Oh, valle de los nutabes en la Otrabanda. Indios perezosos alzando su nalga en plena reunión para defecar. Villa de Aná, Villa de la Candelaria con sus exlibris, Ciudad de la eterna primavera, Capital mundial del crimen. La bella villa, la villa beya, la viya veya, la biya bella, la bella hebilla, la hebilla de Villa que ahorca el cogote. Medellín, Medeying, Medejeans. Sodoma y Gomorra de gorra. Laberinto de pasos, ahora que ardes mirada desde el aviso de Coltejer, adornada con fuegos fatuos, con ese rostro que enseñas, pintarrajeado. ¿Dónde quedaste ciudad rezandera y maloliente? Con castillo, sin impurezas, ni almenas, ni minaretes, ni troneras, ni batallas, ni adarves, ni murallas, ni fosos, ni caballeros pendencieros, sin mesoneras, sin el agrimensor que espera que bajen el puente levadizo, pero con un castillo construido por Tobón Uribe para emular lo europeo de revistas viejas, sin las filigranas de los campos de Escocia, después aprovechado como todo juguete local”.

Las revoluciones que nos entrega la obra son aquellas que luego verían la luz con más fuerza: las de las feministas (aunque sin idealizar su lucha, por el contrario, despojándola de ese tono pendenciero que ve en todo hombre a un enemigo), la de las liberadas sexuales que combaten con su cuerpo (sin dejar de enrostrarles la actitud fácil en la que se sustentan), la de los homosexuales arriesgados, la de los drogadictos que sobrepasan todos los niveles de tolerancia. No son los discípulos de Mao ni los fervientes de la Juco, los que por aquí discurren, son los “raros” e intrascendentes que “pierden” horas y horas en los cineclubes, bibliotecas, conciertos de rock o simplemente, durmiendo a pierna suelta luego del interminable guayabo.

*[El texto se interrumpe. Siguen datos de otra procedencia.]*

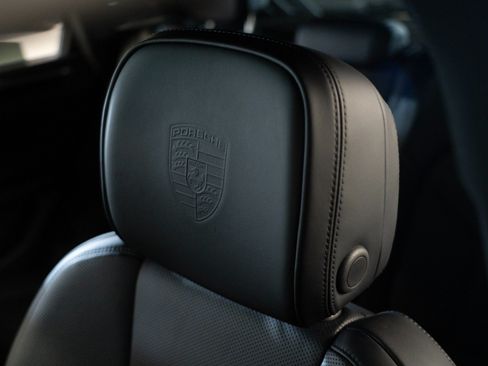 Certified 2026 Porsche Macan AWD/4WD image 29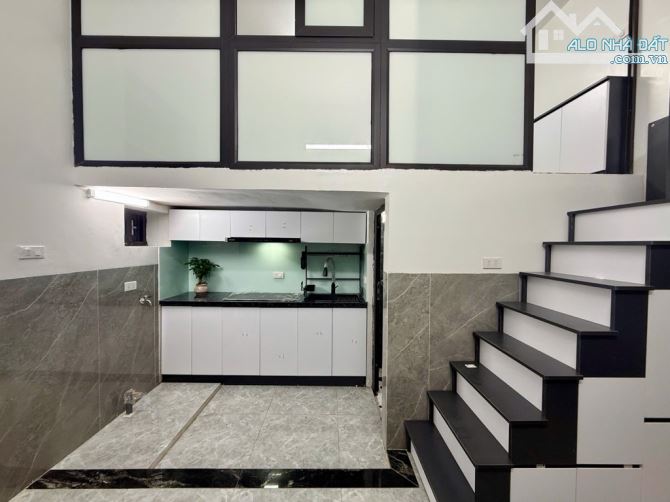 CĂN HỘ TẬP THỂ – PHONG CÁCH KHÁCH SẠN – Ô TÔ ĐỖ NGAY CỬA NHÀ - 2
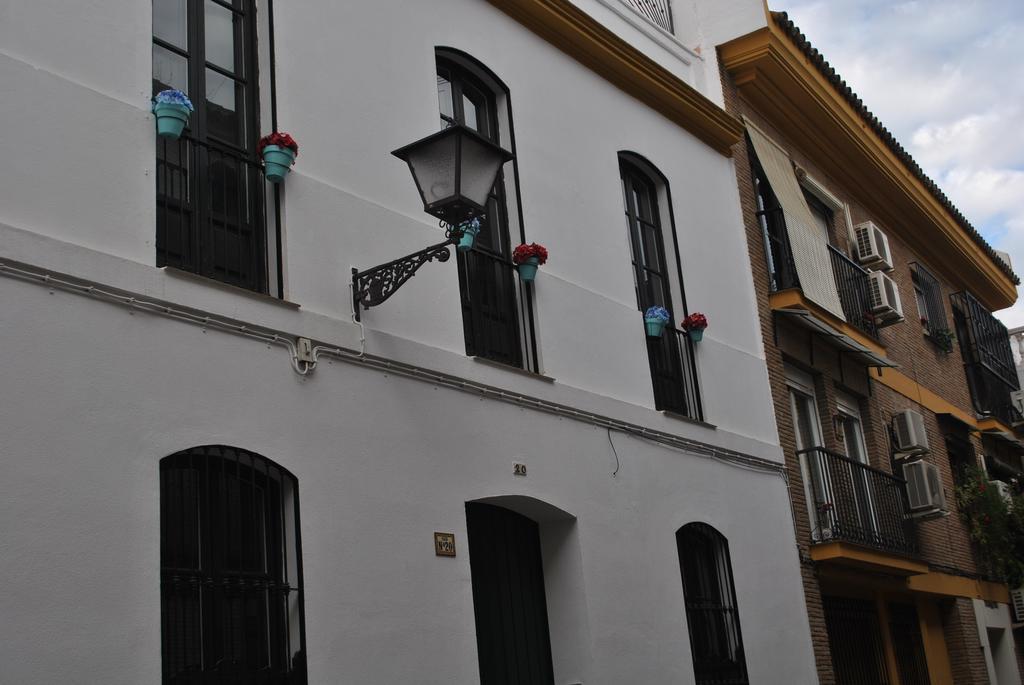 Triana Pelay Suites Seville Exterior photo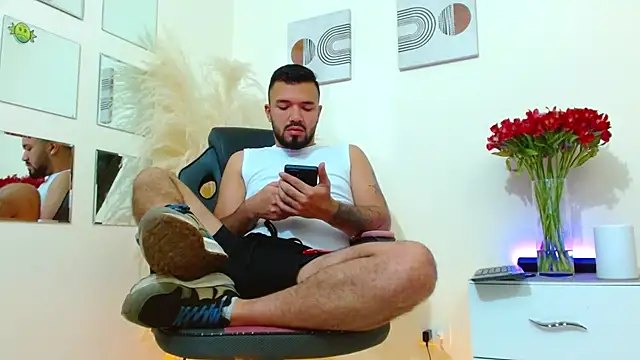 Snapshot of mathew_vidal1 chatting on 10-10-25, 10:20 mathew vidal1 online show from 10-10-25, 10:20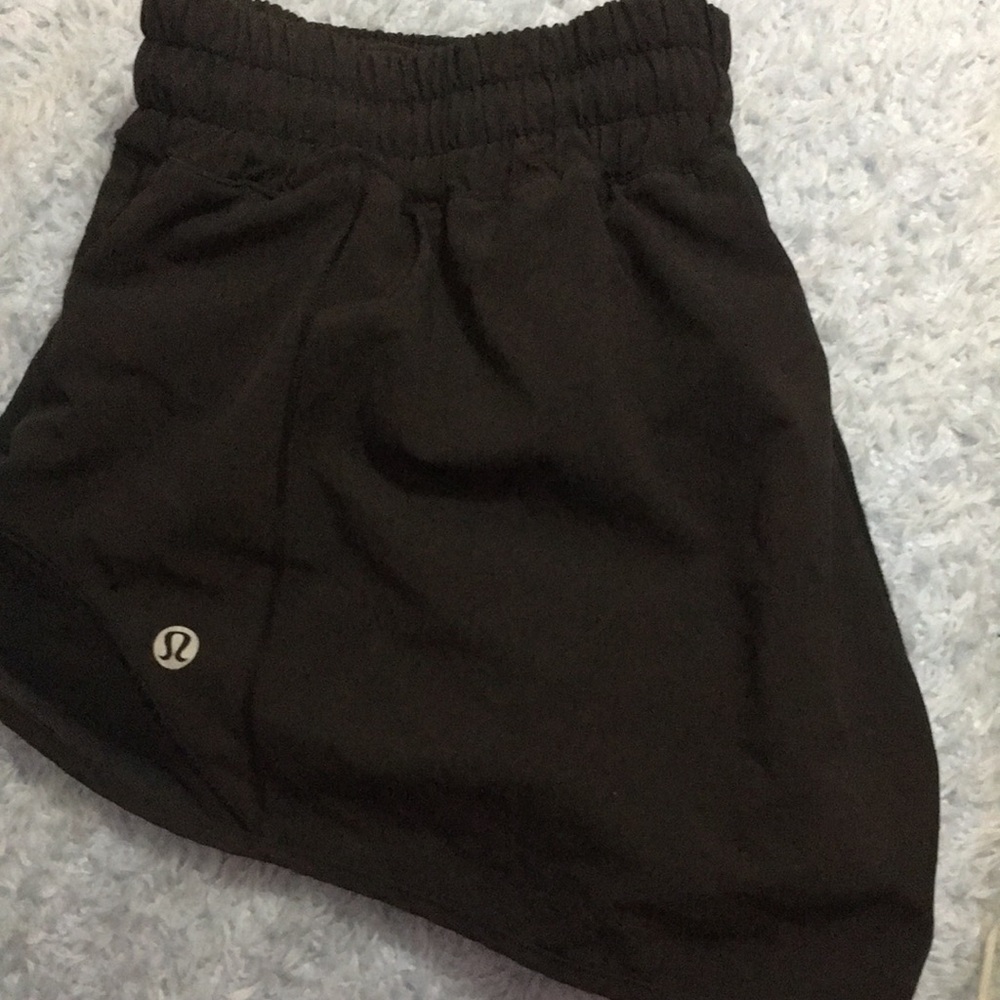 lululemon hotty hot shorts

 “Medellín, ciudad poblada de fantasmas como tú, como yo, como nosotros. Yo, tu, ellos, sumidos en lo que algunos llaman patria. ¿Era importante la realidad social o era apenas algo escuchado en las emisoras? ¿O un chiste flojo? A quien podría importarle la situación de un escritor cobarde, sin compromisos, escondido en su cabina de babas o en el obituario de las calles. ¿Qué hace un escritor en su impotencia?: lamentos buscando la perfección –esa cortesana-. Medellín, un cementerio o un dulce sementerio. Reflexionando cínicamente cosas de esas, escondido en la impotencia de mi cubil, mi nido amoroso cagado de excrementos, escondido en el delicioso chantaje de querer ser lo que llamo un artista…”


Finalmente, luego de ver cómo Víctor Bustamante se acicala ante el espejo de su ciudad mientras piensa en el ser del artista, no me queda otra opción que sentarme a su lado para asistir a la proyección y soñar por un momento antes de que nos apaguen la función.  


La segunda edición de "Amábamos tanto la revolución" fue publicada en la colección Letras Vivas de Medellín, por la Alcaldía de Medellín y el Fondo Editorial Ateneo en el año 2014.